INFORMATION PROVIDED »
----

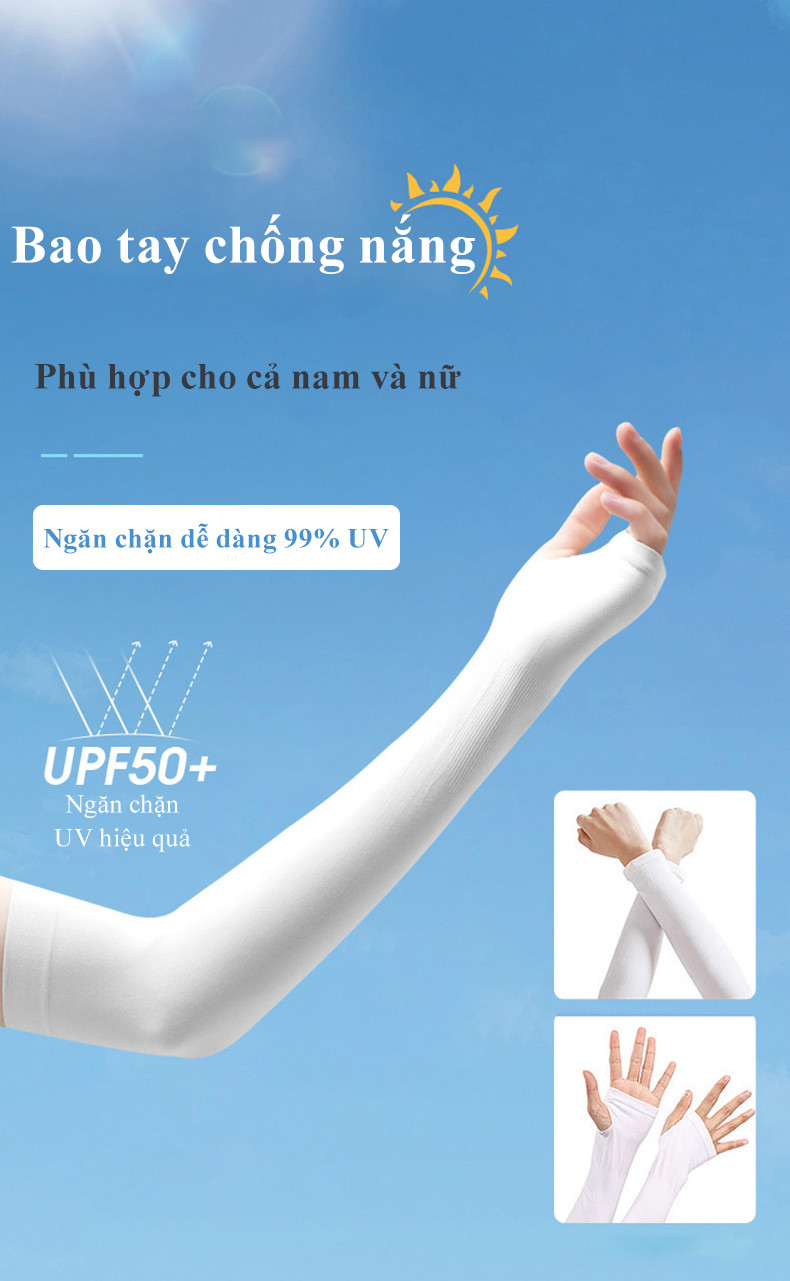 Mô tả Ống tay áo chống nắng MYT găng tay lụa lạnh chống nắng thoáng khi chống tia UV mùa hè phong cách dành cho nam và nữ - 1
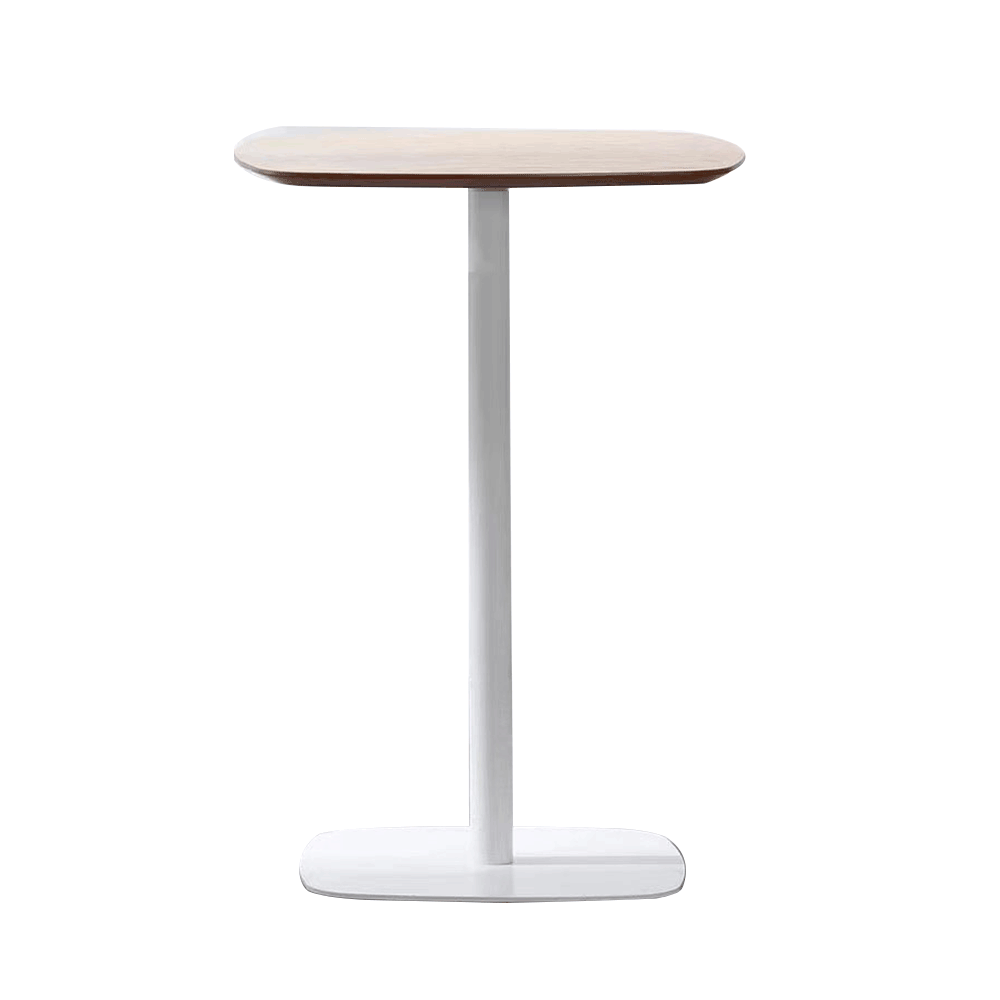 Bárasztal, tölgy/fehér, MDF/fém, átmérő 60 cm, HARLOV (TK)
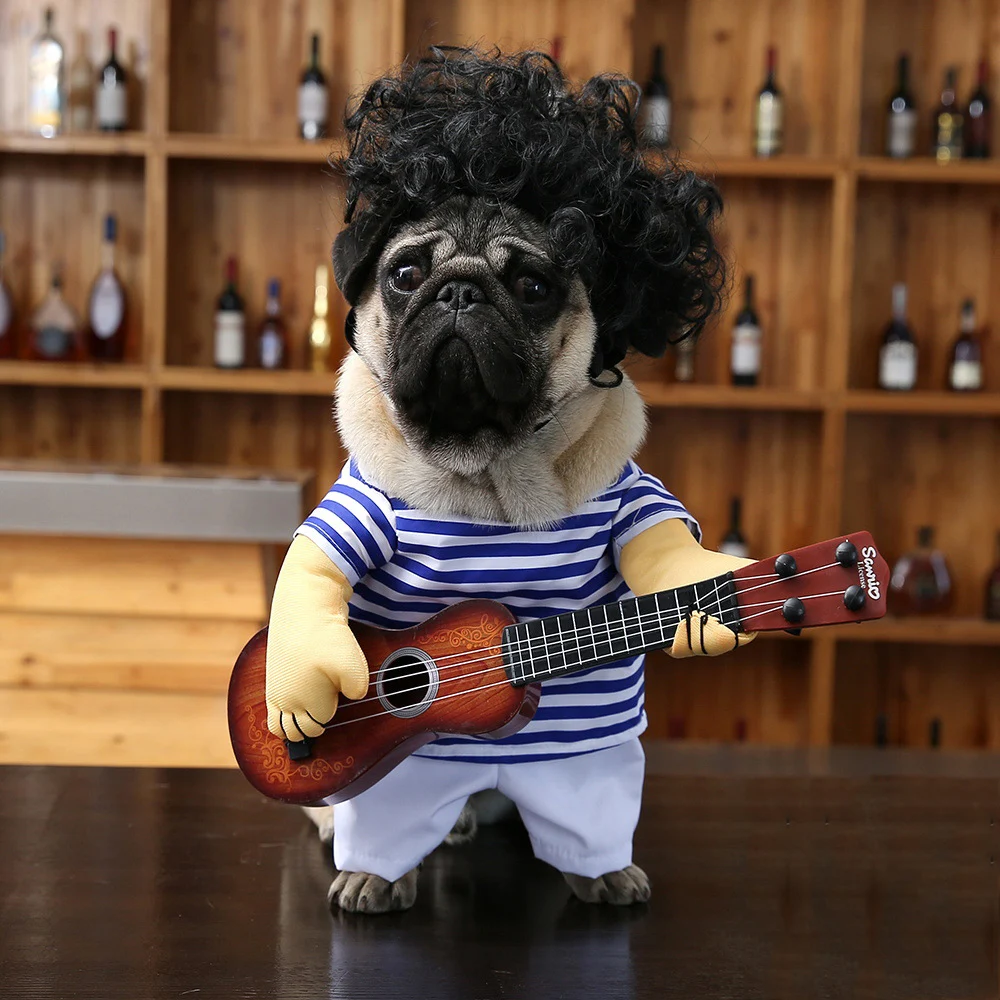 Собака смешной костюм на Хэллоуин Pet гитариста; вечерние Косплэй, домашних животных Одежда для кошек собак рубашки для мальчиков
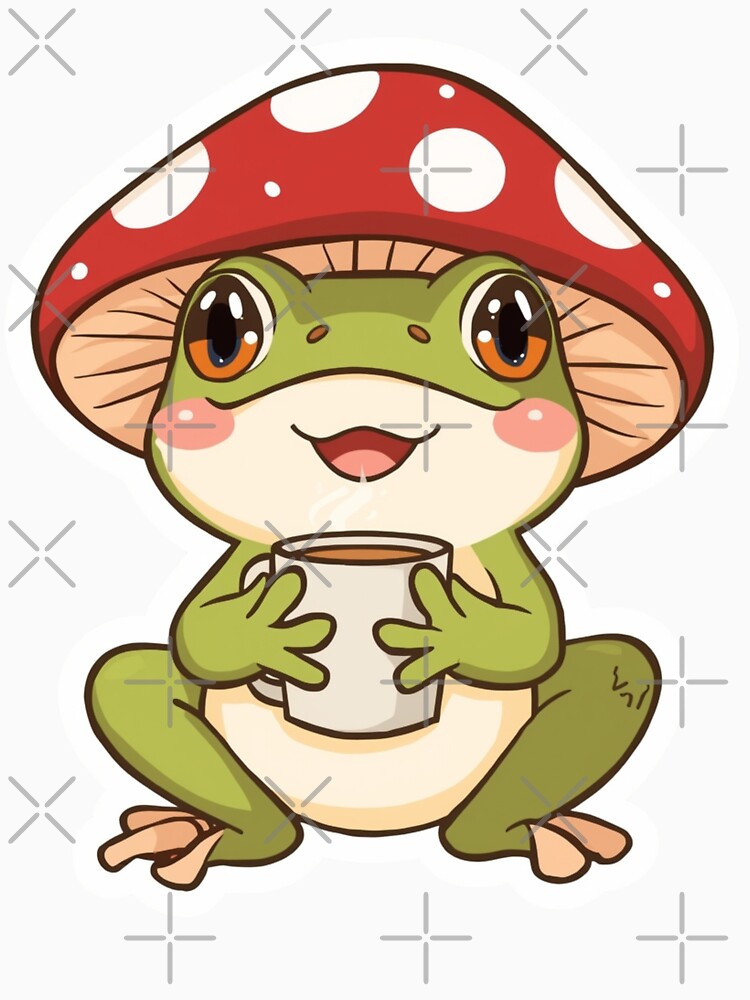 Cute Frog Sticker – Kawaii Cottagecore Frog Drinking Coffee Aesthetic by RouniBoutique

----

EXERCISE REQUIREMENTS » Produce a verbatim copy of the listing, leaving out all pictures.

WORKED SOLUTION »
 Mô tả Ống tay áo chống nắng MYT găng tay lụa lạnh chống nắng thoáng khi chống tia UV mùa hè phong cách dành cho nam và nữ - 1
 Bárasztal, tölgy/fehér, MDF/fém, átmérő 60 cm, HARLOV (TK)
 Собака смешной костюм на Хэллоуин Pet гитариста; вечерние Косплэй, домашних животных Одежда для кошек собак рубашки для мальчиков
 Cute Frog Sticker – Kawaii Cottagecore Frog Drinking Coffee Aesthetic by RouniBoutique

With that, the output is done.